The Mojave Project reconsiders and establishes multiple ways in which to interpret this unique and complex landscape, through association and connection of seemingly unrelated sites, themes, and subjects thus creating a speculative and immersive experience for its audience. The initial phase of the project is designed to make ongoing research transparent, inviting the audience into the conversation as the project develops.
For more information on this project please visit: http://mojaveproject.org.
Funding for The Mojave Project is provided through a Cal Humanities 2015 California Documentary Project production grant with additional support from San Diego State University. The Mojave Project is a project of the Pasadena Arts Council’s EMERGE Program. The Mojave Desert Heritage & Cultural Association and KCET Artbound are project partners. The completed project, exhibit and publication will be launched at MOAH (Museum of Art & History) in Lancaster, CA in March 2017.

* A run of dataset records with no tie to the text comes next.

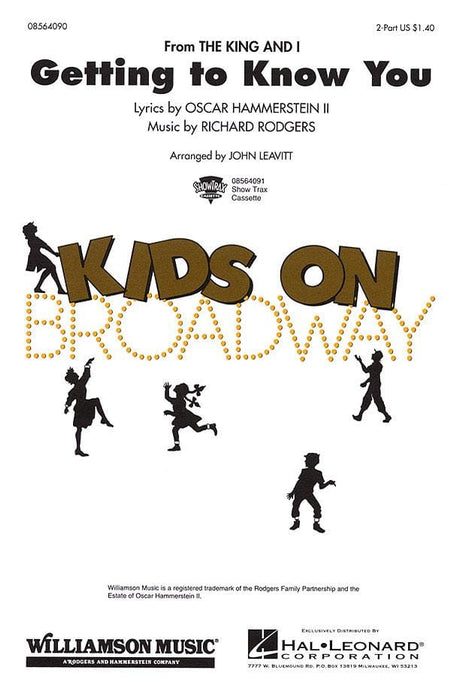 Getting to Know You | 小雅音樂 Hsiaoya Music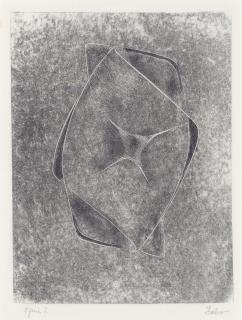 Naum Gabo - Opus Two (The Pillow)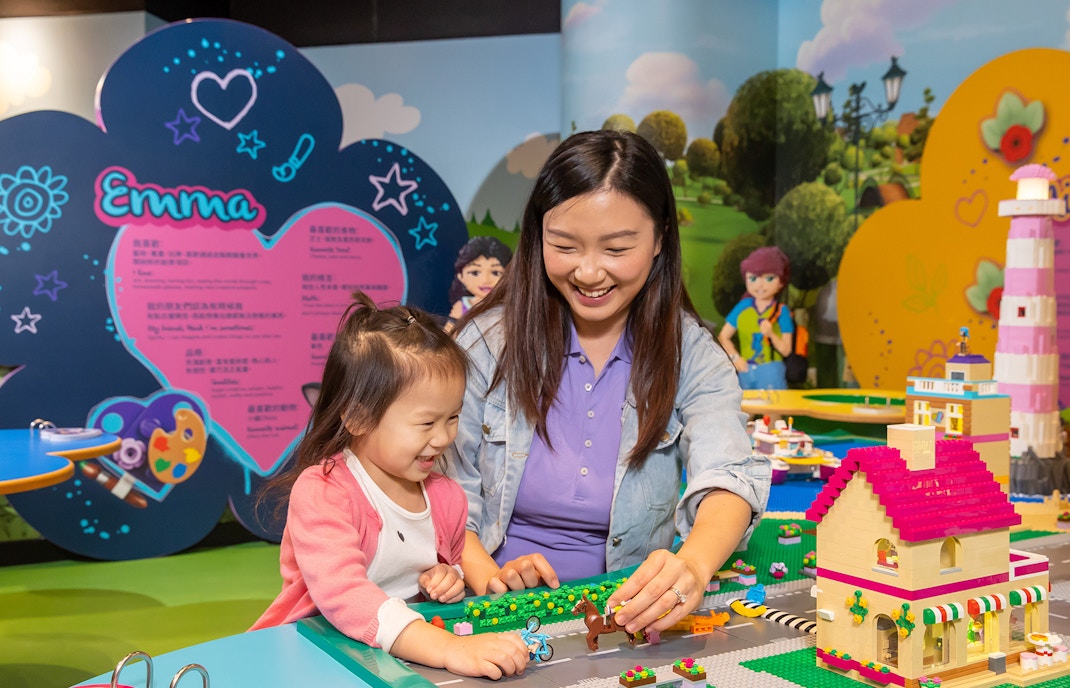 Legoland Discovery Centre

Kim Stringfellow is an artist and educator residing in Joshua Tree, California. She teaches at San Diego State University as an Associate Professor in the School of Art + Design. She received her MFA in Art and Technology from the School of the Art Institute of Chicago in 2000. Stringfellow’s practice bridges cultural geography, environmental journalism and experimental documentary into creative, socially engaged transmedia experiences. She is a 2015 Guggenheim Fellow in Photography and the 2012 recipient of the Theo Westenberger Award for Artistic Excellence. The award honors the achievements of contemporary women whose work in photography, film, and new media transforms how we see the American West.
Philip M. Klasky lectures in the Department of American Indian Studies at San Francisco State University on issues of law, environmental justice, human rights, de-colonization, media literacy, cultural preservation and ethnography. He received his master’s degree in Geography and Human Environmental Studies from SFSU. Klasky is the director of The Storyscape Project of The Cultural Conservancy, a non-profit organization dedicated to the preservation and revitalization of endangered Native American stories, songs, languages and ancestral lands. As an environmental justice activist working to protect endangered lands and cultures, wilderness, endangered species and human rights, Klasky was involved with the ten-year successful campaign to stop the proposal for a radioactive waste dump at Ward Valley.